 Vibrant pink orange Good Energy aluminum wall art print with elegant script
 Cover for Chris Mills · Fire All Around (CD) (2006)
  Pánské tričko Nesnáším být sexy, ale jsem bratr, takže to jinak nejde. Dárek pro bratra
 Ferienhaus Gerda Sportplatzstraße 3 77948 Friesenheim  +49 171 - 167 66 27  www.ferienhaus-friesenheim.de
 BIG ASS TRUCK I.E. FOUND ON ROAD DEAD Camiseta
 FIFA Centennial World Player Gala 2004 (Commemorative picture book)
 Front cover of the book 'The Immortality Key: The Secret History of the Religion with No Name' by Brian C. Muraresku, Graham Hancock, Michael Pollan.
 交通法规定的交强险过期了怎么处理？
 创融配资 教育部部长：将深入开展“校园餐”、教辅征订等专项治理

◆ What needs to be done: Nothing in the data may be left out; copy every line exactly.

◆ Exercise answer:
 Vibrant pink orange Good Energy aluminum wall art print with elegant script
 Cover for Chris Mills · Fire All Around (CD) (2006)
  Pánské tričko Nesnáším být sexy, ale jsem bratr, takže to jinak nejde. Dárek pro bratra
 Ferienhaus Gerda Sportplatzstraße 3 77948 Friesenheim  +49 171 - 167 66 27  www.ferienhaus-friesenheim.de
 BIG ASS TRUCK I.E. FOUND ON ROAD DEAD Camiseta
 FIFA Centennial World Player Gala 2004 (Commemorative picture book)
 Front cover of the book 'The Immortality Key: The Secret History of the Religion with No Name' by Brian C. Muraresku, Graham Hancock, Michael Pollan.
 交通法规定的交强险过期了怎么处理？
 创融配资 教育部部长：将深入开展“校园餐”、教辅征订等专项治理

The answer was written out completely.